The Lennox Gastaut Center of Excellence is open to patients

News and Announcements, Neuroscience Research | October 23, 2025 |

Cynthia Keator, M.D., and Jerico Pimentel, APRN have begun seeing patients at the Lennox Gastaut Center of Excellence, part of the Jane and John Justin Institute for Mind Health.

Recently, the International League Against Epilepsy defined Lennox Gastaut Syndrome (LGS), a severe developmental and epileptic encephalopathy, based on the following criteria:

  • Onset before 18 years old
  • Tonic seizures with at least one additional seizure type
  • Mild to profound intellectual disability
  • Drug-resistant epilepsy
  • Diffuse slow spike-and-wave complexes (SSW) at ≤2.5 Hz  
  • Generalized paroxysmal fast activity (GPFA) in sleep on EEG

The center aims to be a standardized care model of how our clinical team will follow patients with LGS, to collect clinical data, gather natural history and identify high-risk populations to then investigate biomarkers. To date, no center of this nature exists in the country.

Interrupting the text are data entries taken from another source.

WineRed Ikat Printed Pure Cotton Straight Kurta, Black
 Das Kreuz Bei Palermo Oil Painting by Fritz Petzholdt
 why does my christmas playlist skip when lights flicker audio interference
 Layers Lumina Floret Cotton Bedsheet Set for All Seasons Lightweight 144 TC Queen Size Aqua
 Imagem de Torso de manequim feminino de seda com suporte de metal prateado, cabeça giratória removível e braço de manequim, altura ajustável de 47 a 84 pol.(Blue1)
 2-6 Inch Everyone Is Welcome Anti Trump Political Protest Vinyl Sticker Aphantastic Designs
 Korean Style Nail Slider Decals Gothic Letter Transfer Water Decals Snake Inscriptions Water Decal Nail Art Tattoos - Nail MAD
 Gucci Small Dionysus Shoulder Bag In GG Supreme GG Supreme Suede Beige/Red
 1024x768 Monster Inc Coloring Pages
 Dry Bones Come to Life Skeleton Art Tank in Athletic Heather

Our nationally ranked neurology program is a major referral center for patients with LGS. The program has more than 300 annual referrals for this condition, providing ample patients for study. With around 49,000 children in Texas diagnosed with epilepsy, approximately 1,000 cases of LGS in our state may benefit from these services. We will align our work with that of other institutions including the Pediatric Epilepsy Research Consortium, LGS Special Interest Group and the LGS Foundation, maximizing the likelihood of meaningful outcomes from this endeavor.

Dr. Keator, an Endowed Chair at Cook Children’s, has an international review board for patients with LGS, and the patients are seen in conjunction with Dr. Keator’s research team, gathering specific details for her natural history study. The goal is to see patients once a year in the Lennox Gastaut Center of Excellence. Their neurology provider will continue to see them for their ongoing neurological care.

The center will gather the history of the syndrome looking at multiple factors, like age of onset, medications, imaging, EEGs and genetic testing. Part of the program is also addressing and identifying other comorbidities related to LGS such as development, sleep, cognition and behavior.

All patient data lives in the patient’s electronic medical record and will be used to analyze specific questions and identify patterns of patients with LGS. Using a team treatment approach, the center will develop and improve treatment algorithms using iterative expertise, while collecting robust, standardized clinical data that will both answer key natural history research questions while forming the foundation of our search for biomarkers.